I used to work in sales at a lumber yard, where we sold all kinds of (mostly residential) building materials from lumber, to paint, to plumbing, electrical supplies, hardware, doors/windows, roofing, power tools, etc. I grew up working with quite a few of these things, as my Dad was a residential framer. Nonetheless, there were various things I knew very little about, having never used them.
Given a few years, however, listening to the advice given by co-workers, and listening to problems encountered (and solved) by customers, I ‘learned’ how to answer common questions. I had never put in a p-drain myself, but I learned how to answer most questions a customer would ask!

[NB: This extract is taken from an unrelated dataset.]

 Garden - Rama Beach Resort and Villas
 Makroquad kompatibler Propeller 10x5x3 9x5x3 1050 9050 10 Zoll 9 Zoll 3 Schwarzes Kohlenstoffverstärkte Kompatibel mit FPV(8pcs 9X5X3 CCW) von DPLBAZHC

Even more humorous, I had a co-worker who had almost no hand-on experience with anything we sold – yet nonetheless, she too learned to answer the common questions (often word-for-word what her co-workers had said the day before!).
I think this kind of learning is fine for what it is, but in various discussions I have, I often feel that others are (and I’m guilty of) operating with ‘knowledge’ they’ve gained from eavesdropping in this or that conversation or forum. “Ohh, Aristotle was such and such…”, and “yeah, science has shown that…” or “Democracy was designed so that…”
This is the Wikipedia/Google-based knowledge that informs so many pool-of-ignorance building conversations. People that know just a weeee little bit about a whole lot of things, pretending to be experts at it all. “I remember seeing somewhere that…”
We… (cough) I… need to learn to just say, “I have no idea about that, to be honest. Let’s both read up on it and get back to one another in [not 2 minutes, but…] a few weeks.” Now that would just require far too much patience.